Now, in my initial emails, I said to MMDR I have a small house, one dog and two cats, we would love to foster but would need to have a small-medium sized dog to fit in our house. Within a week or so I received a phone call telling me about our first foster Luna, a Border collie husky cross, full of energy and just needing a place to crash until she is adopted. I thought she would be perfect; we have a terrier with tons of energy so I thought they could certainly tire each other out. And that they did, they spent so much time just chasing each other around our small yard or in a field close to our house. Luna was beautiful and well behaved. I was hooked!

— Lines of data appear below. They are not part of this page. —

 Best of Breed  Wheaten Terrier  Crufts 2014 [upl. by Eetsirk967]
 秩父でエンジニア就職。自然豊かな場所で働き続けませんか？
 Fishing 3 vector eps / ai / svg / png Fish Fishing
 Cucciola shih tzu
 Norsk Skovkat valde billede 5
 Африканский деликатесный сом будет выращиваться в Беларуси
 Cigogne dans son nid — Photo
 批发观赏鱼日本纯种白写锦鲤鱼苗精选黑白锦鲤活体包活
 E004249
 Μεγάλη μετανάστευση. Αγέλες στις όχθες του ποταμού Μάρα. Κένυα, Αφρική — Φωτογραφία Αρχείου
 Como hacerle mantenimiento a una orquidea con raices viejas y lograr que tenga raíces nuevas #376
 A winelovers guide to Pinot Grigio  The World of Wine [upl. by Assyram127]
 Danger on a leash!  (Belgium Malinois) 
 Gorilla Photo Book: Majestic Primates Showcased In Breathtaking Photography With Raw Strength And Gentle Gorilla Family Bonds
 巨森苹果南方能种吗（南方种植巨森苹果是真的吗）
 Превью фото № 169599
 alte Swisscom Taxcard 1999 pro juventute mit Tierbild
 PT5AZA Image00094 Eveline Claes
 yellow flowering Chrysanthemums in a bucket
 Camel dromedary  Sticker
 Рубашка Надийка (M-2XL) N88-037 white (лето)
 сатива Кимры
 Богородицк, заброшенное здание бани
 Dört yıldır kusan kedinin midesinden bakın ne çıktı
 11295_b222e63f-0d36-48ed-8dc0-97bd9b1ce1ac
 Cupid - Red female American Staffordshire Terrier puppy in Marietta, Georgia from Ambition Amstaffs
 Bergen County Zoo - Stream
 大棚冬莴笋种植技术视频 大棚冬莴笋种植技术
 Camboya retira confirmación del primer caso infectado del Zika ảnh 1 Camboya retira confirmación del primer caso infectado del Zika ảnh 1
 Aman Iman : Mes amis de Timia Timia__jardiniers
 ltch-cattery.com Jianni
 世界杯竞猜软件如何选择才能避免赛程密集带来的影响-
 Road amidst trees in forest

We continued fostering one dog at a time, small-medium size, and our terrified cats started to relax as the dogs kept coming through. Then at a fair one day I was asked if I could foster a pregnant mom, who was expected to have a litter of about 3-4 puppies. A little nervous, I said yes. I have never done a litter before, I have never looked after a birthing mom or newborn animals, I had no idea what to expect. MMDR provided us with all that we needed; a whelping box, food and tons of experience to call on.
We had Milo for about a week before she gave birth to SEVEN puppies!  I was so nervous that something bad was going to happen, one of the puppies was going to get stuck, or she would reject them, I was certain Murphy’s law was going to set in at some point. Well, nothing like that happened, or at least I didn’t know if it did, we woke up to little squeaks coming from the whelping box. She had all the puppies overnight all clean, dry and feeding, all by herself! What an amazing thing to wake up to.

Milo stayed with us until all of her puppies were weaned, and the puppies stayed until they were about 8 weeks. So the house that I said needed a small dog, now had our two cats, our dog, Milo and her seven puppies, that is a grand total of 11 animals!

This is the part of our journey that is kindly referred to as Foster Failing; that is when the fosters fall for the dog, can’t let them go and end up adopting them. We fell in love with Milo, she had a great temperament and was the perfect size for us, unfortunately she was already spoken for. So shortly before she gave birth we decided we were going to adopt one of her puppies. Although, I maintain it wasn’t a foster fail since we made this decision before they were even born. We adopted a little girl, Abacus, who now looks almost identical to her mother.

After all the pups went to their new homes we welcomed in our next foster. From then on the puppies just kept coming. I have five dogs in my house right now, two of our own and three fosters. The best part? They all fit!

I have learned a lot throughout my fostering experience; some lessons about dogs, dog behaviour, and dog health. The best lesson I have taken away from this is that the dogs don’t ask for much. They come in from all backgrounds, born into care or found starving under a bench they are always looking for the same thing, someone to care about them and give them a place to crash until they find their “furever home”.
You don’t need a big house, a big yard, or years of experience working with animals in order to foster. You really just need to open up your home and heart to care for them. From my personal experience they take up a lot less space than you think they need.
Fostering has changed our lives; give it a chance to change yours. Just remember size doesn’t matter.